# Antwoorden van hoofdstuk 12: Networked programs

## Exercise 1
Change the socket program socket1.py to prompt the user for the
URL so it can read any web page. You can use `split('/')` to break the URL into
its component parts so you can extract the host name for the socket connect
call.
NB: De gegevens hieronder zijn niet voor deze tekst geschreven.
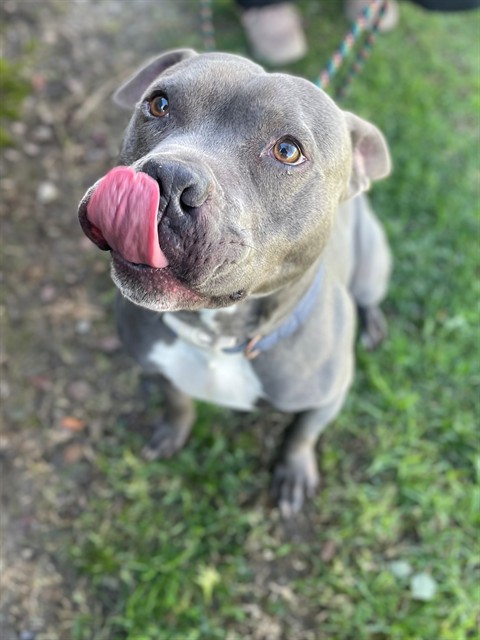 Malcolm - In Foster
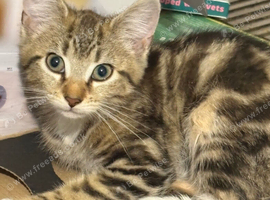 Kitten for rehoming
Add error checking using try and except to handle the condition where
the user enters an improperly formatted or non-existent URL

### Antwoord

In [1]:
import socket

# url = 'http://data.pr4e.org/romeo.txt'
url = input("Enter url ")
parts = url.split("/")
hostname = parts[2]
mysock = socket.socket(socket.AF_INET, socket.SOCK_STREAM)
mysock.connect((hostname, 80))
cmd = ('GET %s HTTP/1.0\r\n\r\n' % url).encode()
mysock.send(cmd)

while True:
    data = mysock.recv(512)
    if len(data) < 1:
        break
    print(data.decode(), end='')

mysock.close()

Enter url  http://data.pr4e.org/romeo.txt


HTTP/1.1 200 OK
Date: Tue, 22 Nov 2022 11:59:20 GMT
Server: Apache/2.4.18 (Ubuntu)
Last-Modified: Sat, 13 May 2017 11:22:22 GMT
ETag: "a7-54f6609245537"
Accept-Ranges: bytes
Content-Length: 167
Cache-Control: max-age=0, no-cache, no-store, must-revalidate
Pragma: no-cache
Expires: Wed, 11 Jan 1984 05:00:00 GMT
Connection: close
Content-Type: text/plain

But soft what light through yonder window breaks
It is the east and Juliet is the sun
Arise fair sun and kill the envious moon
Who is already sick and pale with grief


## Exercise 2
Change your socket program so that it counts the number of
characters it has received and stops displaying any text after it has shown
3000 characters. The program should retrieve the entire document and count
the total number of characters and display the count of the number of
characters at the end of the document.

### Antwoord

In [2]:
import socket

# url = 'http://data.pr4e.org/romeo.txt'
url = input("Enter url ")
parts = url.split("/")
hostname = parts[2]
mysock = socket.socket(socket.AF_INET, socket.SOCK_STREAM)
mysock.connect((hostname, 80))
cmd = ('GET %s HTTP/1.0\r\n\r\n' % url).encode()
mysock.send(cmd)

accumulated = ""
while True:
    data = mysock.recv(512)
    if len(data) < 1:
        break
    accumulated += data.decode()

print("Total number of characters:", len(accumulated))
print("First 3000 bytes:", accumulated[:3000])
mysock.close()

Enter url  http://data.pr4e.org/romeo.txt


Total number of characters: 536
First 3000 bytes: HTTP/1.1 200 OK
Date: Tue, 22 Nov 2022 12:00:42 GMT
Server: Apache/2.4.18 (Ubuntu)
Last-Modified: Sat, 13 May 2017 11:22:22 GMT
ETag: "a7-54f6609245537"
Accept-Ranges: bytes
Content-Length: 167
Cache-Control: max-age=0, no-cache, no-store, must-revalidate
Pragma: no-cache
Expires: Wed, 11 Jan 1984 05:00:00 GMT
Connection: close
Content-Type: text/plain

But soft what light through yonder window breaks
It is the east and Juliet is the sun
Arise fair sun and kill the envious moon
Who is already sick and pale with grief



## Exercise 3
Use `urllib` to replicate the previous exercise of (1) retrieving the
document from a URL, (2) displaying up to 3000 characters, and (3) counting
the overall number of characters in the document. Don’t worry about the
headers for this exercise, simply show the first 3000 characters of the
document contents.

### Antwoord

In [3]:
import urllib

# url = 'http://data.pr4e.org/romeo.txt'
url = input("Enter url ")

webpage = urllib.request.urlopen(url).read()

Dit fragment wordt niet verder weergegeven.